C’est une énorme concentration de liquidités dans seulement 5 entreprises. Ces 5 entreprises représentent aussi à elles seules 25% de la capitalisation du S&P 500.
Et alors que ces valeurs sont en baisse depuis un mois, les capitalisations d’Apple ou de Microsoft restent plus importantes que les PIB de l’Italie ou du Brésil.
Quand le retour vers la moyenne historique des actifs financier commence, le mouvement se concentre sur les actions qui ont le plus monté dans la phase de taux d’intérêt bas. Lorsque les taux montent, les prix de ces actions et de tous les actifs dits de croissance devraient chuter.
Est-ce que la baisse de 10 à 20% de ces valeurs depuis la fin mars représente le début de cette chute que nous prédisons depuis environ quatre ans ? Nous attendons toujours la confirmation.
Il y a quelques années, nous débattions de savoir quelle valeur atteindrait la première 2 000 Mds$ de capitalisation. En janvier dernier, Apple a dépassé les 3 000 Mds$. Alors, pour la suite, pourquoi pas 4 000 Mds$ ? Et fichtre, pourquoi pas 5 000 Mds$ ?
Oui, il est possible qu’un déluge de liquidités continue à se déverser dans un encore plus petit nombre de très grosses valeurs. Tout dépendra du réveil des taux d’intérêt. La tendance à long terme des bons du Trésor américain à dix ans est baissière (corrigés de l’inflation, leurs rendements sont négatifs).
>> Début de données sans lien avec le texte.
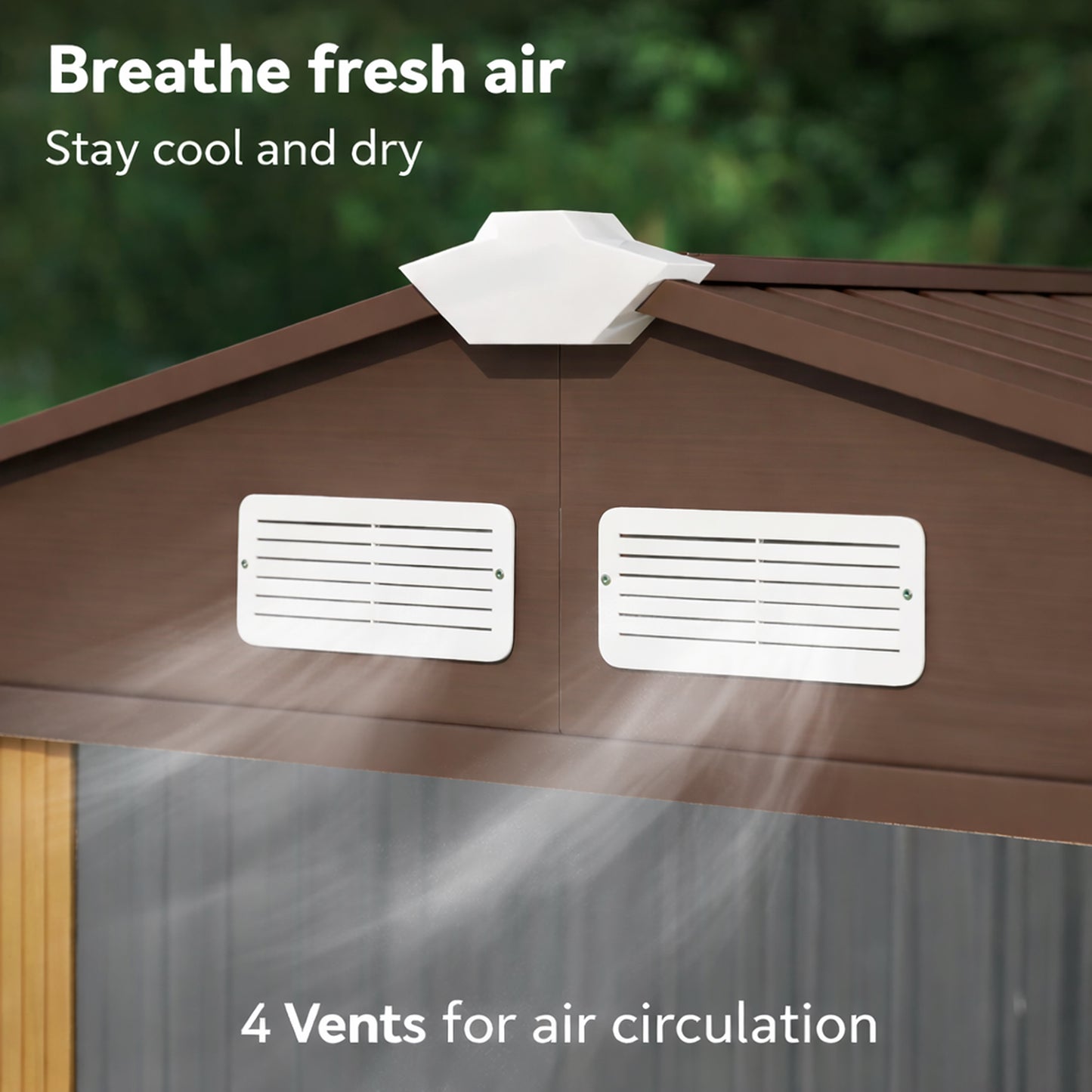 7 x 4ft Lockable Metal Garden Tool Storage Shed, Outdoor Storage Shed with Foundation and vents, Light Brown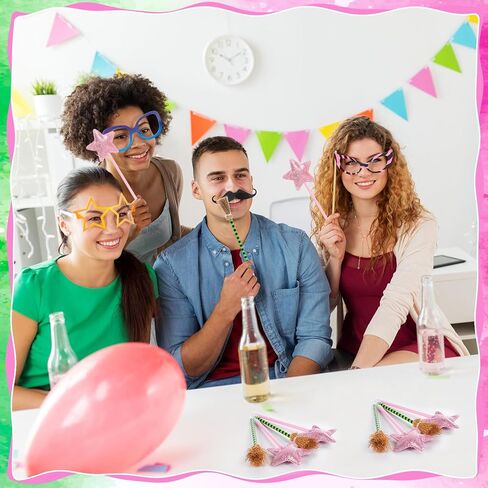 24 قطعة من أقلام الساحر للحفلات، نجمة الأميرة الوردية وأقلام مكنسة الساحرة الخضراء، هدايا بطابع المعالج لوازم الحفلات للأميرات والفتيات والنساء وديكورات عيد الهالوين in Kuwait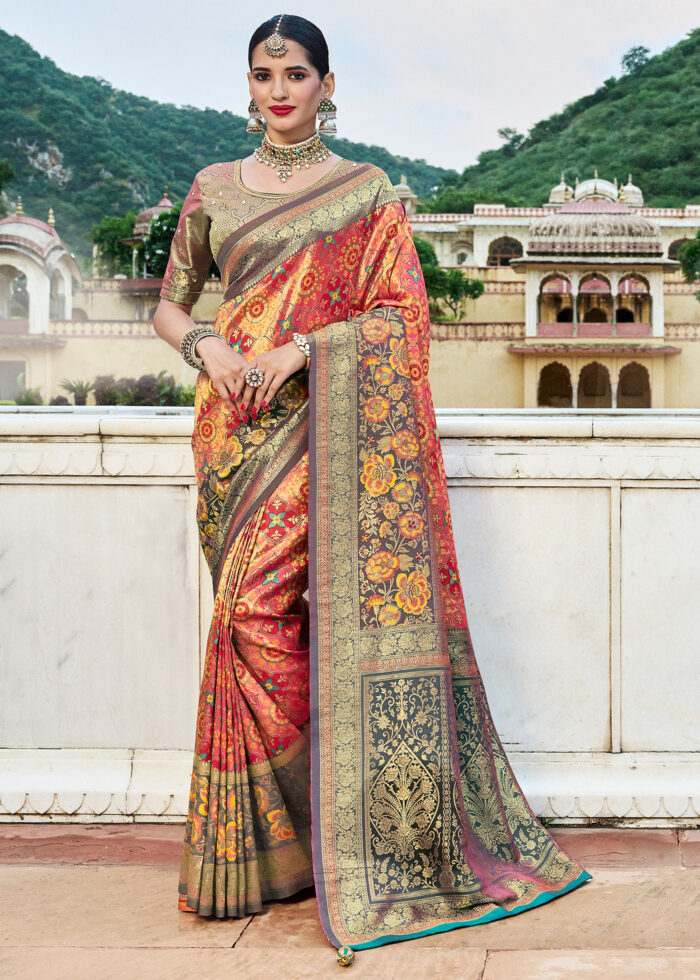 Raspberry Red Banarasi Silk Saree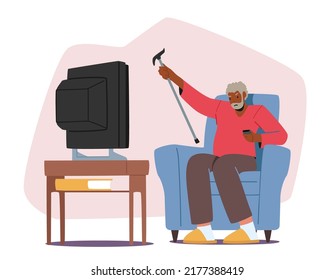 Upset Senior Man Watching Tv Waving Cane, Angry Dissatisfied Elderly Male Character Sitting on Armchair Watch Bad News Isolated on White Background. Cartoon People Vector Illustration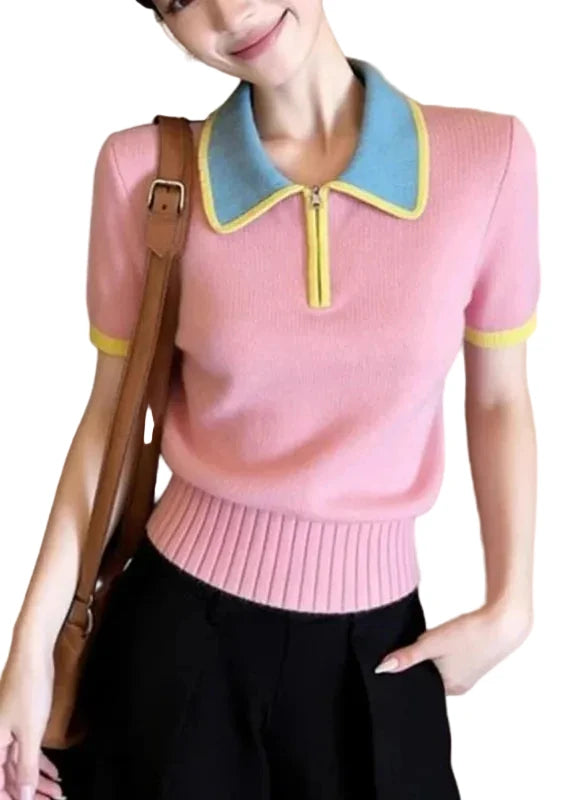 Dames Gebreide Blouse Peter Pan-kraag Patchwork Stijl 0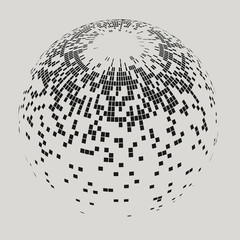 Poster - Vector sphere with squares. Illustration of abstract sphere with black squares. Background design for banner, poster, flyer.
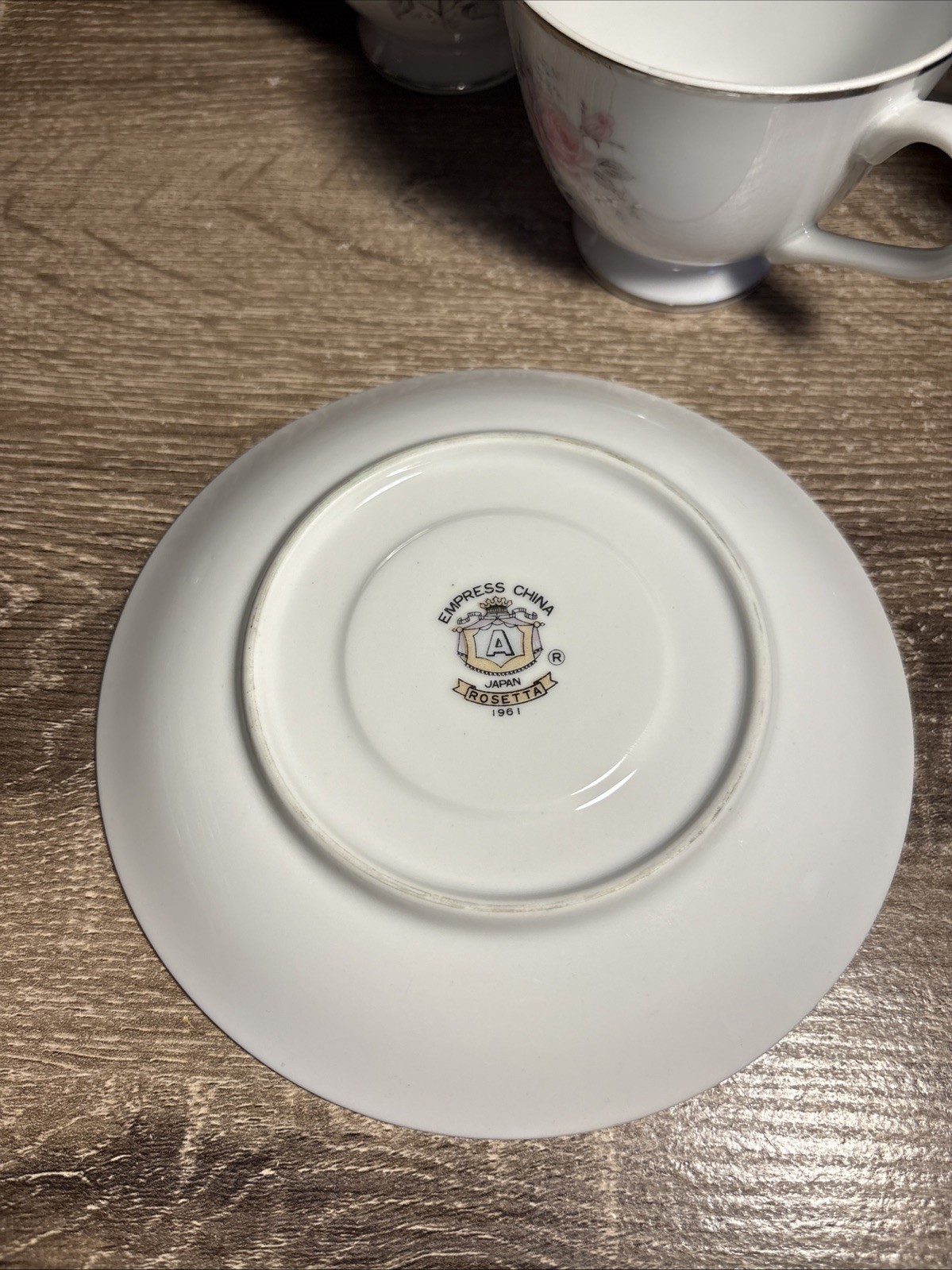 Empress China Rosetta Japan 1961 6oz- 7 Tea Cup 6 Saucer Plate Set Roses Pink J1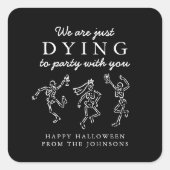 Whimsical Hand Drawn Skeletons Halloween Party Vierkante Sticker (Voorkant)
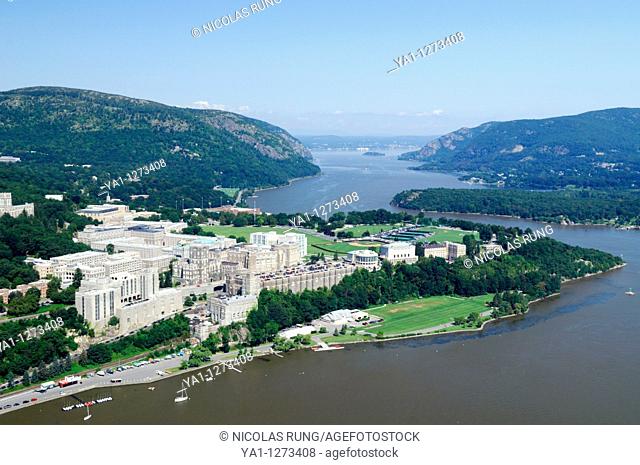 Aerial view of United States Military Academy buildings of West Point on riverside of Hudson river, New York state, Usa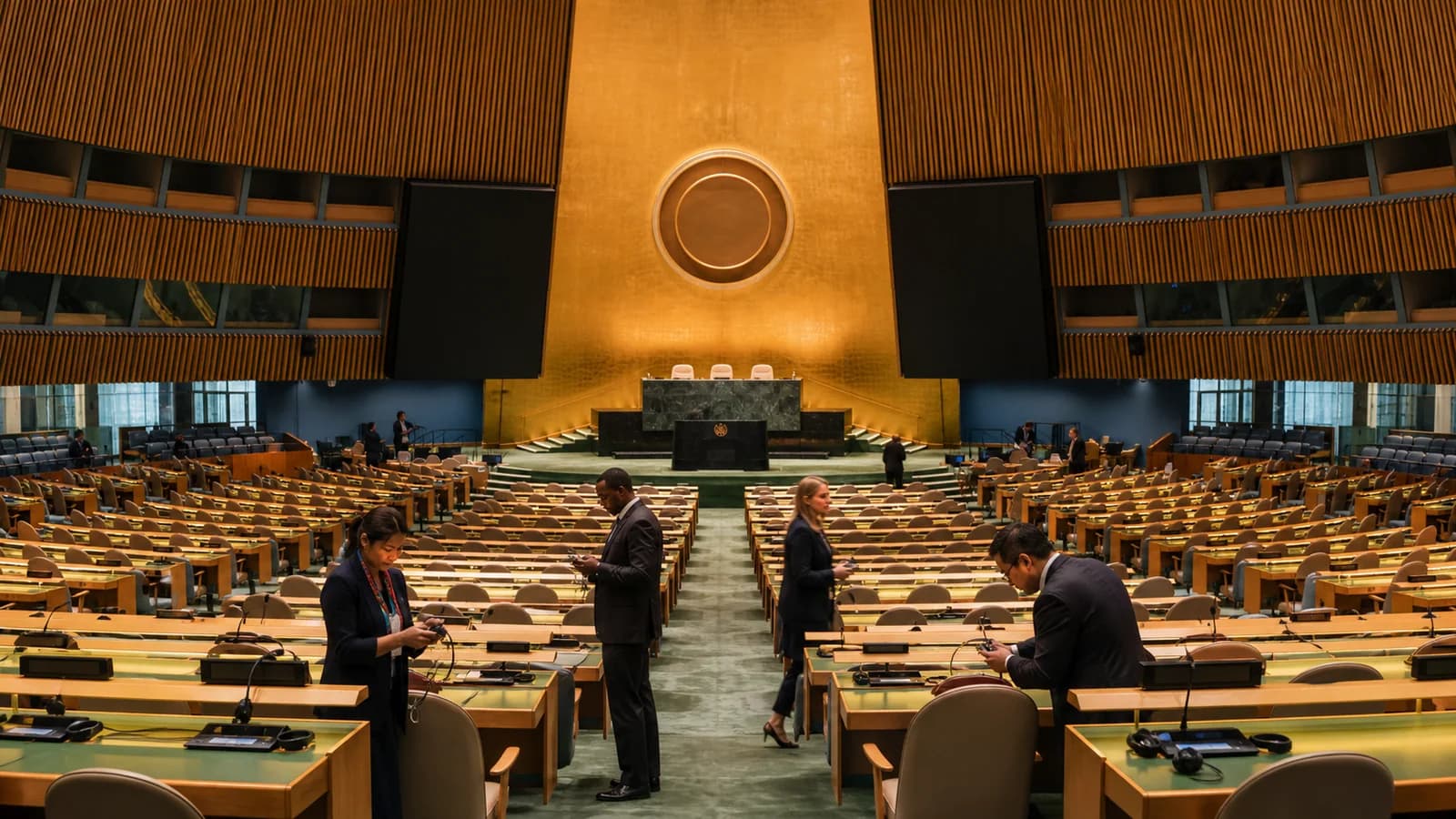 Delegates gathering in a contemporary international assembly hall before a high-level meeting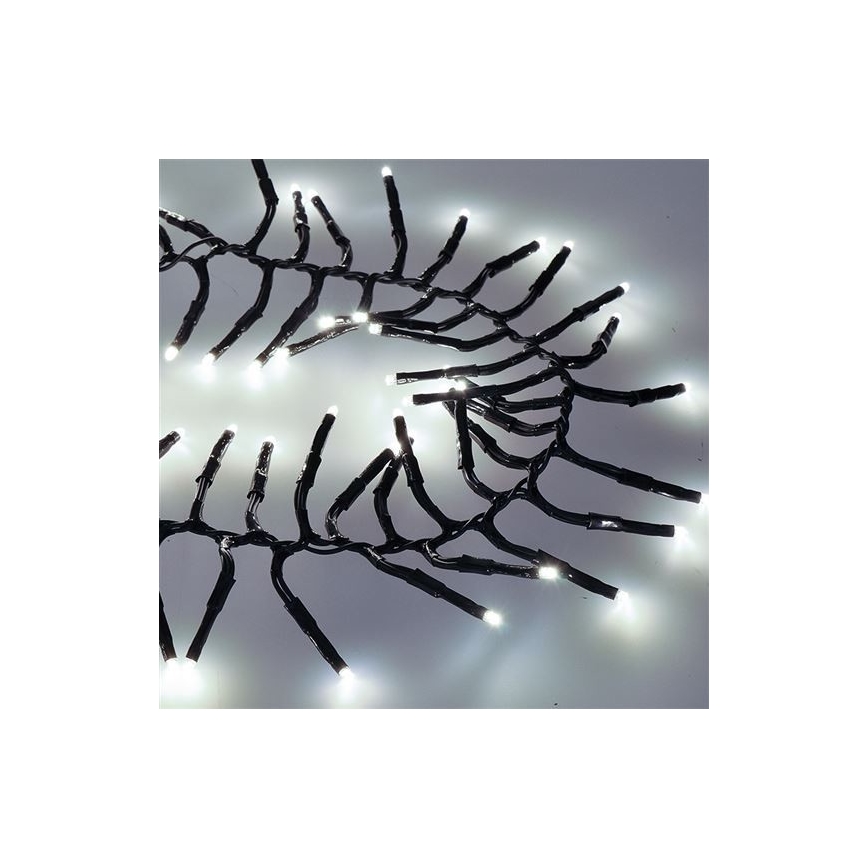 Cadena LED para exterior 576 LEDs/8 funciones 8 m IP44 blanco frío + mando a distancia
Mais si la Fed diminue ses rachats ET augmente les taux directeurs pour combattre l’inflation des prix à la consommation, elle interviendra au moment où les valorisations sont déjà à des niveaux stratosphériques.
Pourquoi nous sommes sûrs que les actions en Bourse sont trop chères
Gardons présentes à l’esprit trois mesures d’inflation du prix des actions :
- La capitalisation de l’indice large Wilshire (toutes les entreprises américaines cotées) rapportée eu PIB américain a dépassé les 200% fin 2021, et n’est pour l’instant redescendu qu’à 180%. La médiane historique est de 81%. Si les actions revenaient à leur évaluation moyenne la correction effacerait 30 000 Mds $ de « richesse ». Souvenons-nous que le marché a tendance à sur-corriger…
- Le ratio de Shiller des résultats rapportés aux bénéfices (CAPE) est de 36,61, après un sommet à 38,58 en novembre dernier. Il avait déjà dépassé ce niveau une seule fois, atteignant 44 en décembre 1999. Nous savons ce qui est arrivé en 2000.
- La valeur de tous les actifs, cotés en Bourse ou privés, aux États-Unis, a dépassé les 300% de la taille de l’économie (mesurée par le PIB). Sur toute la seconde moitié du XXème siècle, ces actifs représentaient moins de 100% du PIB.
- En novembre 2021, les dettes de comptes sur marge (les achats d’action à crédit) atteignaient 918,6 Mds$. Entre mars 2020 (le krach de la pandémie) et mars 2021, les dettes de compte sur marge ont progressé de plus de 70%. Depuis 1995, une telle progression annuelle n’avait été vue qu’à deux occasions : 2000 et 2007.
Ce dernier point est important.
Les évaluations et les liquidités finissent toujours par se cogner aux comptes sur marge. Lorsque les investisseurs particuliers empruntent en donnant en caution la valeur de leurs portefeuilles pour acheter encore plus d’actions, cela arme un mécanisme incontrôlable de vente forcée en cas de baisse des actions.
Les investisseurs vendent alors ce qui est le plus liquide. Ce qui ne sera pas bon pour les plus grosses capitalisations, surtout dans les valeurs technologiques. Elles risquent enfin de rencontrer les limites à l’accroissement de leurs valorisations boursières.